How Microsoft OneLake seamlessly provides Apache Iceberg support for all Fabric Data
Co-authored with Kevin Liu, Apache Iceberg Committer and Principal Engineer at Microsoft.
Microsoft Fabric is a unified SaaS data and analytics platform designed for the era of AI. All workloads in Microsoft Fabric use Delta Lake as the standard, open-source table format. With Microsoft OneLake, Fabric’s unified SaaS data lake, customers can unify their data estate across multiple cloud and on-prem systems.
We recently announced that OneLake can now transparently serve Delta Lake tables as Apache Iceberg tables. This post covers the details of how we built this feature and enables seamless interoperability across engines and ecosystems.
Get started:
1. Create or identify a Delta Lake table in OneLake.
2. Use any Iceberg-compatible engine (e.g., Spark, Trino, Snowflake) to query the table.
3. OneLake will automatically serve the table in Iceberg format – no configuration needed.
Why This Matters
Organizations often rely on diverse engines and tools that favor different open table formats. Delta Lake is a popular choice for Spark-based pipelines and Microsoft Fabric engines, while Iceberg is increasingly adopted by query engines like Trino, Dremio, and Snowflake.
With OneLake, there’s no need to choose one format over the other. OneLake empowers openness and interoperability by automatically translating metadata between Delta and Iceberg formats. This means your tables are seamlessly available in both ecosystems—without duplication or compromise. Whether your team prefers Delta or Iceberg, OneLake ensures compatibility, flexibility, and freedom of choice.
By enabling on-the-fly conversion from Delta to Iceberg, OneLake eliminates the need for data duplication or format-specific pipelines.
You can now:
– Read Delta tables as Iceberg without rewriting or copying data.
– Use Iceberg-native tools on top of your existing Delta Lake datasets.
– Simplify governance and access control with a single source of truth.
Example
Here we have a table in Fabric Lakehouse stored in the Delta format.

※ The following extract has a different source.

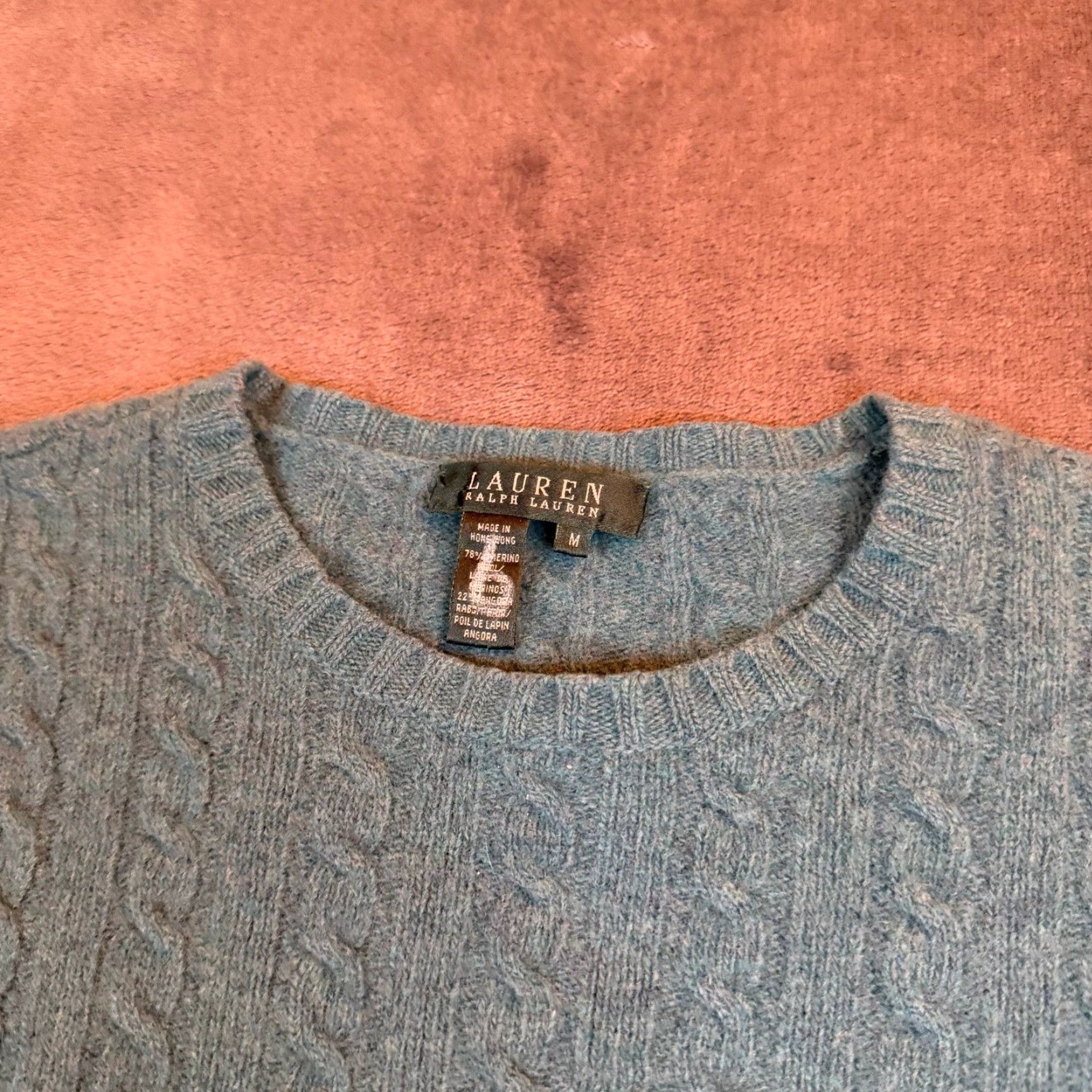 Ralph Lauren Lauren Ralph Lauren Teal Blue Merino Wool Angora Cable Knit Sweater Womens M Size M / US 6-8 / IT 42-44 - 2 Thumbnail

Select ‘View files’ on table to see the table’s metadata.

Both _delta_log and metadata directories should appear.

Select the metadata directory to view the Iceberg files.

Navigate to Snowflake and create an external volume pointing to the exampled Lakehouse.

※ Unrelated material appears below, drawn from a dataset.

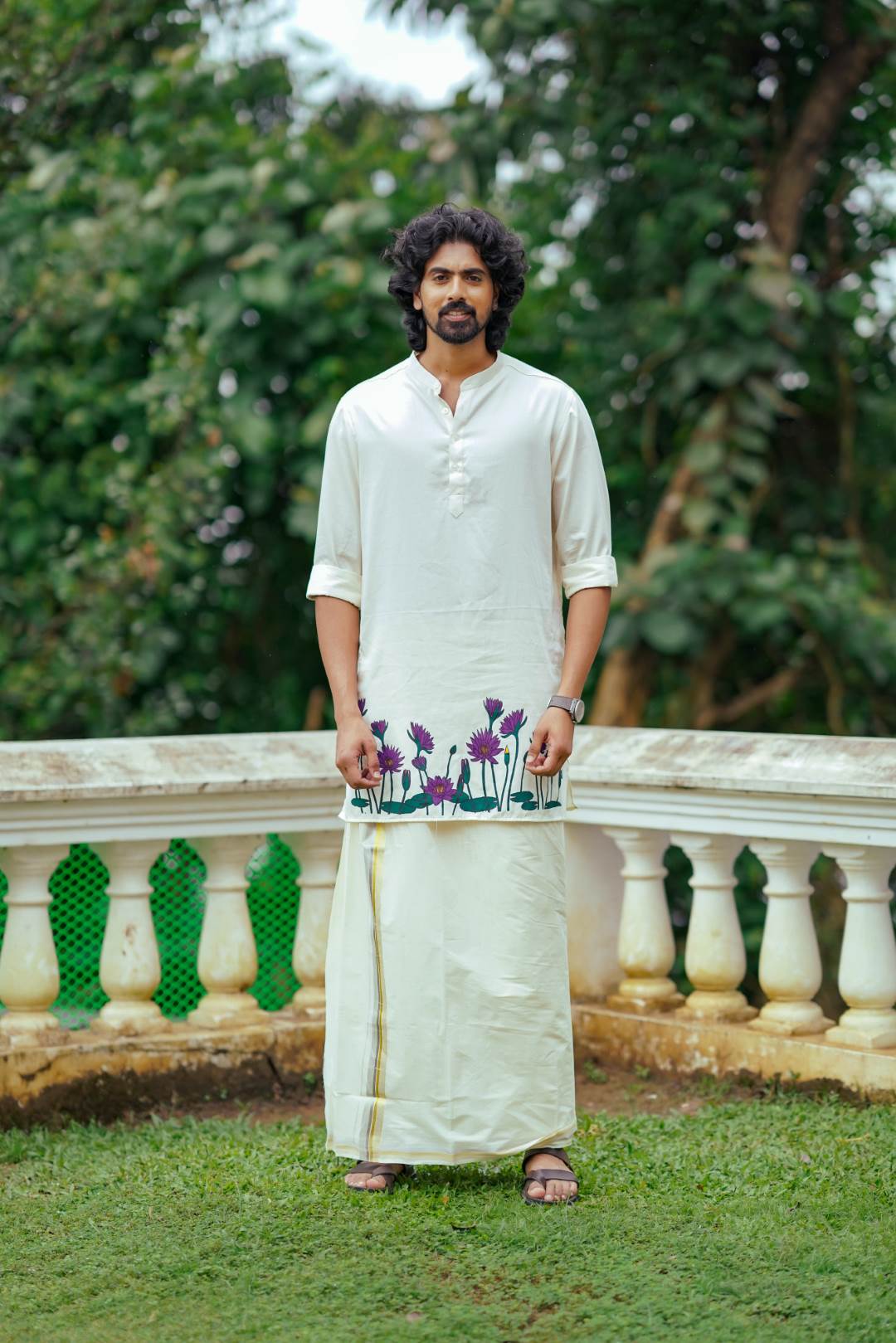 Offwhite Long Kurtha with Neelathamara Handblock Print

Next, we create an Iceberg catalog.

Create a table that uses the Iceberg catalog and external volume, specifying the Iceberg metadata file path in OneLake.

That’s it – now you can query the table!

How It Works
OneLake uses a feature called table format virtualization to surface tables as both Delta and Iceberg formats. When an Iceberg-compatible engine reads from a OneLake table that is natively in the Delta format, OneLake dynamically generates the necessary Iceberg metadata files. This allows the engine to interpret the table as if it were natively an Iceberg table.
Behind the scenes, this feature utilizes Apache XTable for table format metadata conversion. XTable provides cross-table omni-directional interop between the open table formats. We have also enhanced XTable functionality – for example, by converting Delta deletion vectors into Iceberg positional delete files. We look forward to contributing these features upstream to the open-source community.

- The original Delta table resides in OneLake or an external location (e.g., ADLS, S3).
- When queried via an Iceberg engine, OneLake serves Iceberg metadata derived from the metadata directory.
Here’s the workflow for a sample request.

The source metadata remains in its original Delta structure (in the _delta_log directory). OneLake’s virtualization layer intercepts read requests on the metadata directory and determines that Iceberg-compatible metadata is needed. It then generates Iceberg-compliant metadata on demand, enabling engines to interact with the table as if it were natively Iceberg, without any physical data movement. This approach is designed to be transparent to the table owner and does not modify the original storage location. It maintains consistency with the source table and scales efficiently by producing metadata on demand, when requested by a client.
Future Work
We’re actively expanding support for additional data types and advanced features across both Delta Lake and Iceberg formats. A key focus is ensuring compatibility with the upcoming Iceberg V3 specification. These enhancements will further improve OneLake’s cross-format interoperability and simplify analytics across engines.